--- Task input Enclosed Below ---

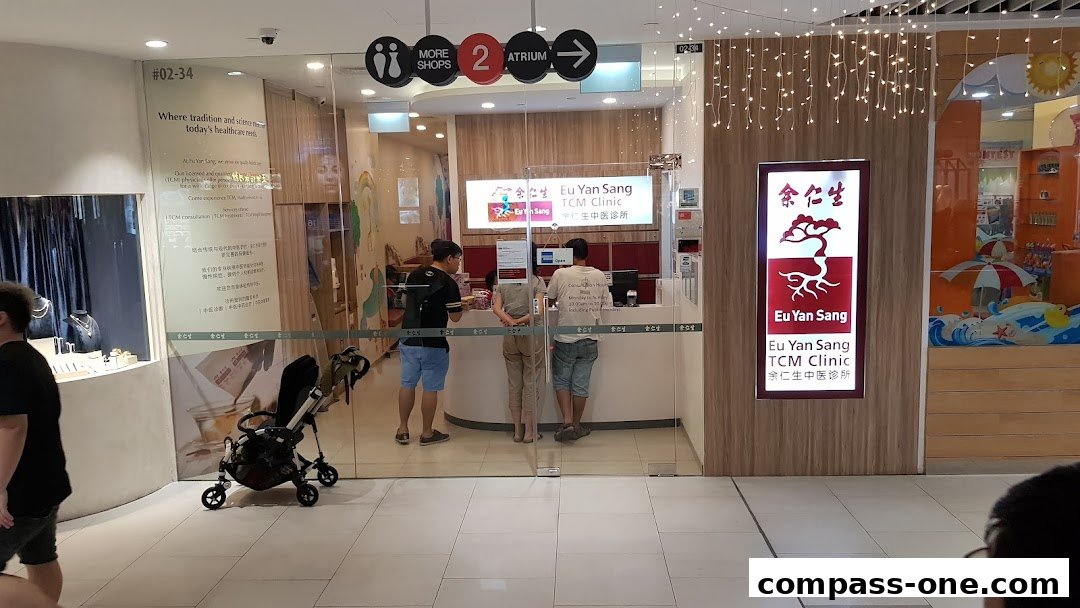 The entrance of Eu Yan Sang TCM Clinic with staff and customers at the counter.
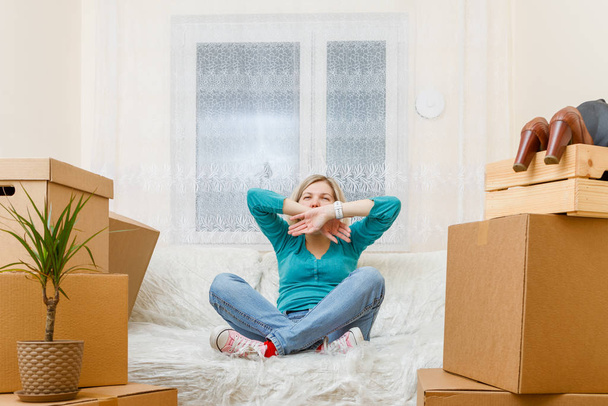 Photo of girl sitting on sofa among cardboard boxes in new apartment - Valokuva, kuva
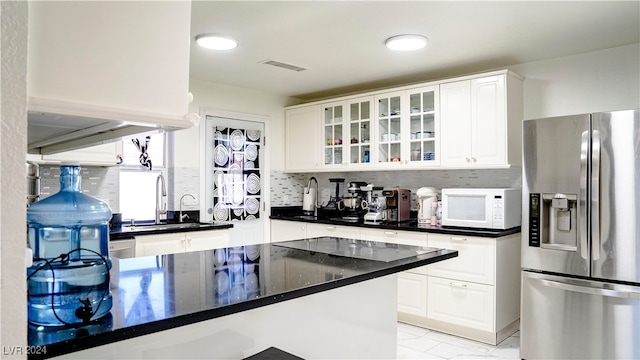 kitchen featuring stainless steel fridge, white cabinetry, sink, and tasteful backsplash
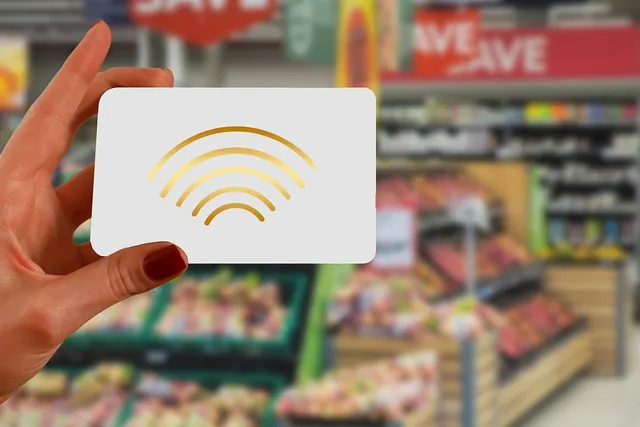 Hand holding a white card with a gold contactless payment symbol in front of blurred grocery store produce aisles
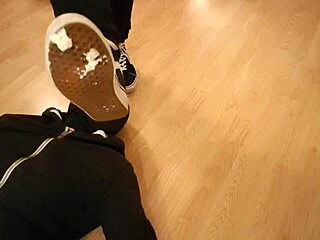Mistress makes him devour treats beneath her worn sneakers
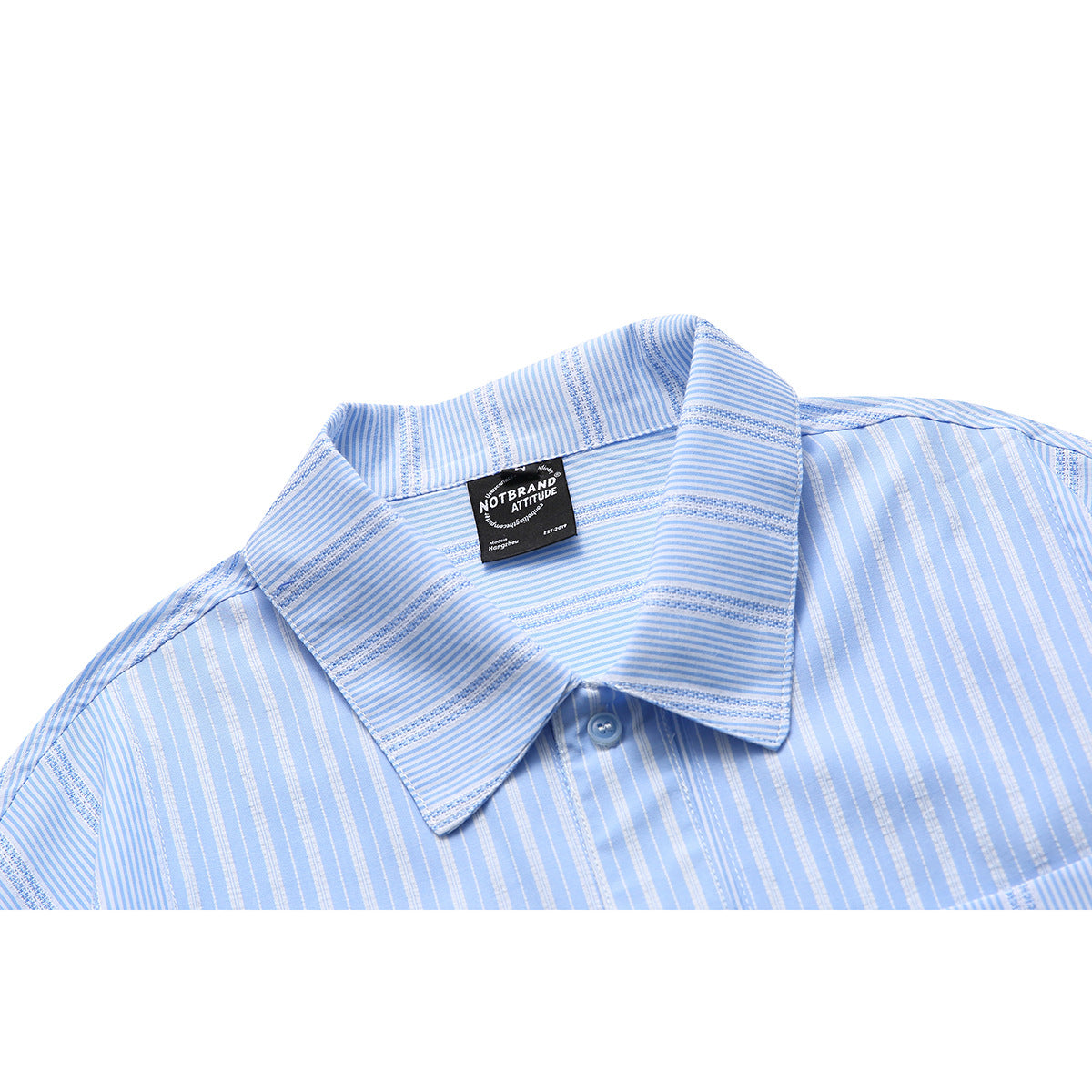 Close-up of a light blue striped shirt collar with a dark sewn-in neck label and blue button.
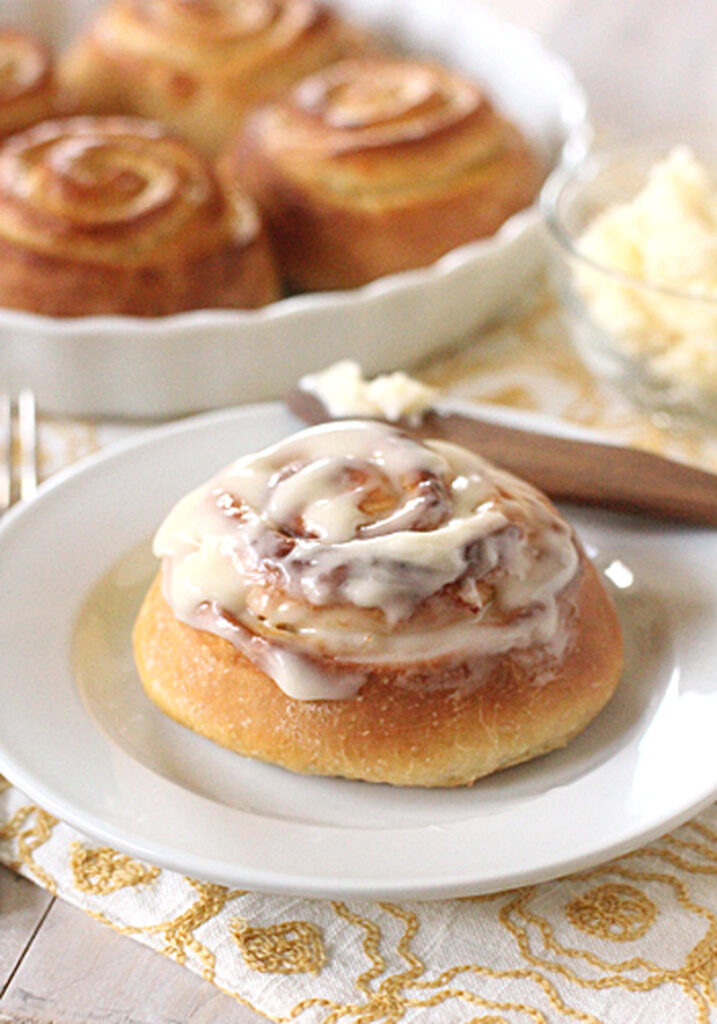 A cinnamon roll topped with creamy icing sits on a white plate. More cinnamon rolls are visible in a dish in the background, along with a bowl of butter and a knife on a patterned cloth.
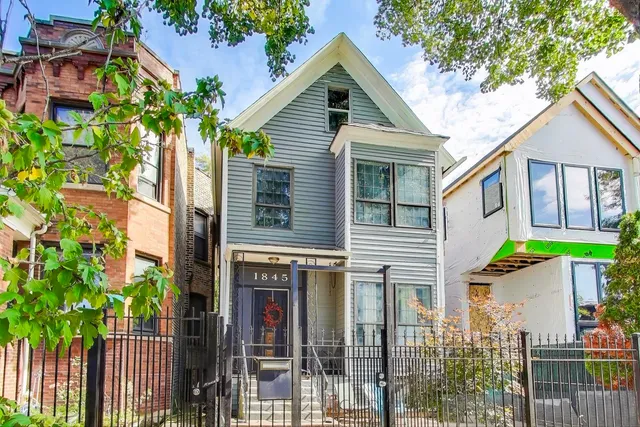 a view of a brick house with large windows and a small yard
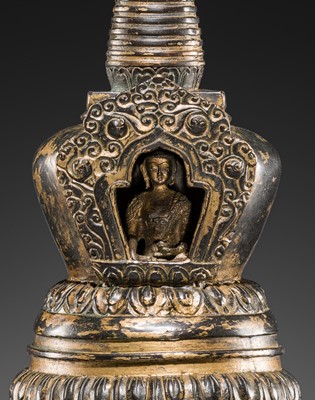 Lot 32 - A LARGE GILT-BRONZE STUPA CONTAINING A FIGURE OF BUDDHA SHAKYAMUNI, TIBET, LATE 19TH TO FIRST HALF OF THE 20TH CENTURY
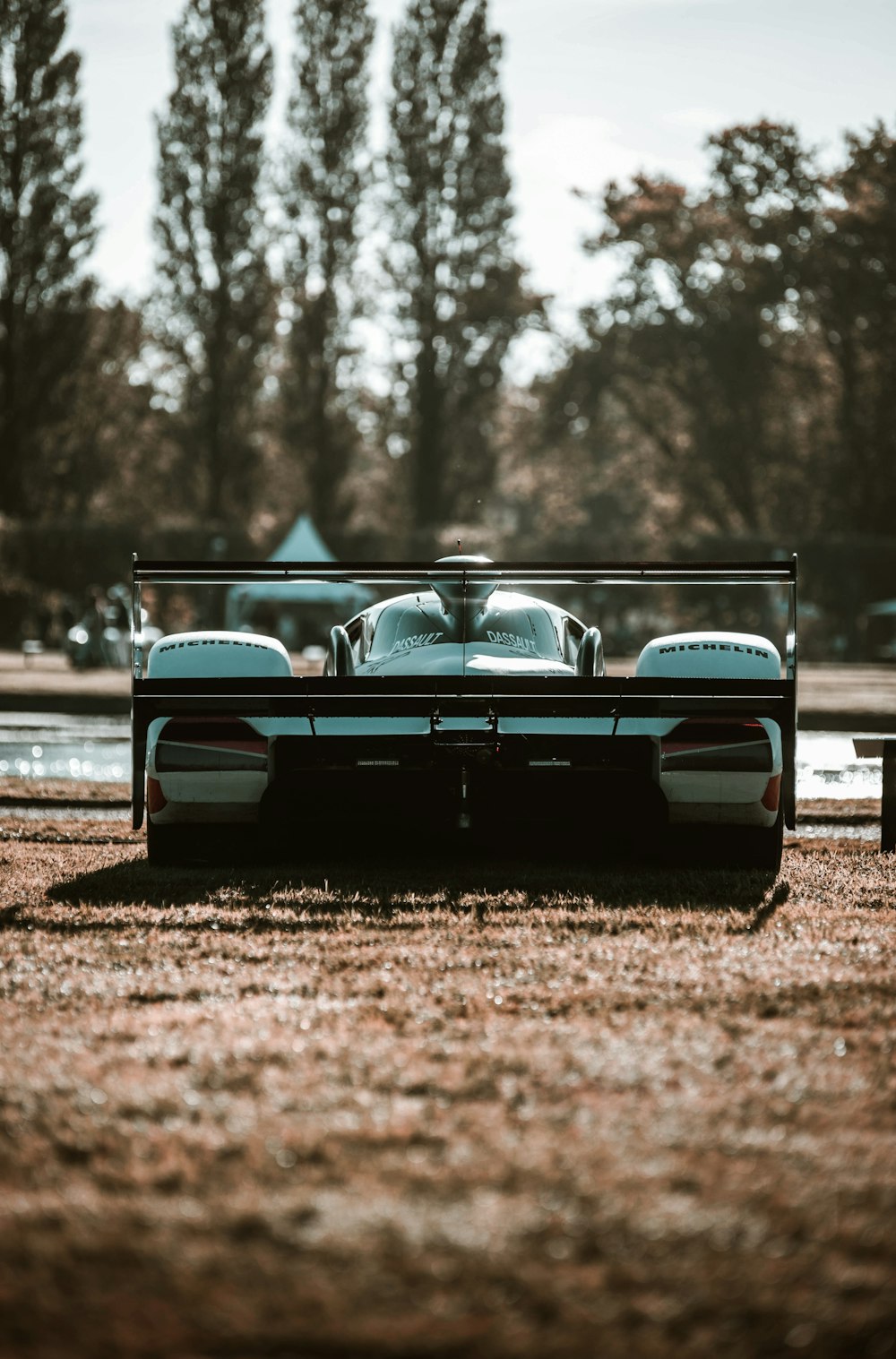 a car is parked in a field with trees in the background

--- End of Enclosed Task input ---

• [Your objective] Word for word, reproduce all of the data, but keep out the pictures.

• [Exercise answer]
 The entrance of Eu Yan Sang TCM Clinic with staff and customers at the counter.
 Photo of girl sitting on sofa among cardboard boxes in new apartment - Valokuva, kuva
 kitchen featuring stainless steel fridge, white cabinetry, sink, and tasteful backsplash
 Hand holding a white card with a gold contactless payment symbol in front of blurred grocery store produce aisles
Mistress makes him devour treats beneath her worn sneakers
 Close-up of a light blue striped shirt collar with a dark sewn-in neck label and blue button.
 A cinnamon roll topped with creamy icing sits on a white plate. More cinnamon rolls are visible in a dish in the background, along with a bowl of butter and a knife on a patterned cloth.
 a view of a brick house with large windows and a small yard
 Lot 32 - A LARGE GILT-BRONZE STUPA CONTAINING A FIGURE OF BUDDHA SHAKYAMUNI, TIBET, LATE 19TH TO FIRST HALF OF THE 20TH CENTURY
 a car is parked in a field with trees in the background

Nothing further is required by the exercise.